The only guy in the room to match the aggression level.

frightened the XXXX out of them to a point that they left their 'swag bag' behind at the door

god bless America


----------



## plinker56 (Jan 29, 2010)

WOW, that was some quick thinking there. My hero. 71yrs old, I would hazard a bet that Mr. Williams is probably a vet or retired officer of the law. Heck buy that man a case of beer. That deserves one huge ATTABOY!!! Would really have liked to seen the expression on those two thugs faces when they start taking fire. Just glad no one else was hurt or worse. Never saw this on the national news channels. HUH.


----------



## berettatoter (Sep 1, 2011)

Saw the video on the news the other night, and had to laugh. Those dirt bags were really hauling butt to DIDI outta there.


----------



## Easy_CZ (Jul 20, 2012)

Way to go gramps! You show those scumbag thugs who's boss! Those POS perle picked the wrong Internet cate to rob.

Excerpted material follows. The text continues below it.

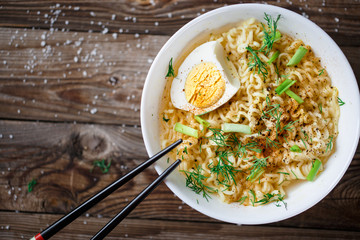 Asian noodles with fresh green onion and boiled egg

Glad to hear no criminal charges are being filed. I'm sure, however, civil action will be pursued by the thugs or their single mom parents.


----------



## Pando (Jul 24, 2012)

Sorry, but when your 71 years old and probably arthritis with some other damages. You won't be happy with carrying a 2-3 pound 1911 (I carry a 1911 myself) and handling the recoil before dropping it. Most likely the reason he had a 380


----------



## Baldy (Jun 21, 2006)

1. He wasn't tac-da-cool but very effective..
2. He will not be charged with anything as we have the Stand Your Ground Law here in Fl.
3. He will not be sued as they will be convicted of a crime.
:smt1099


----------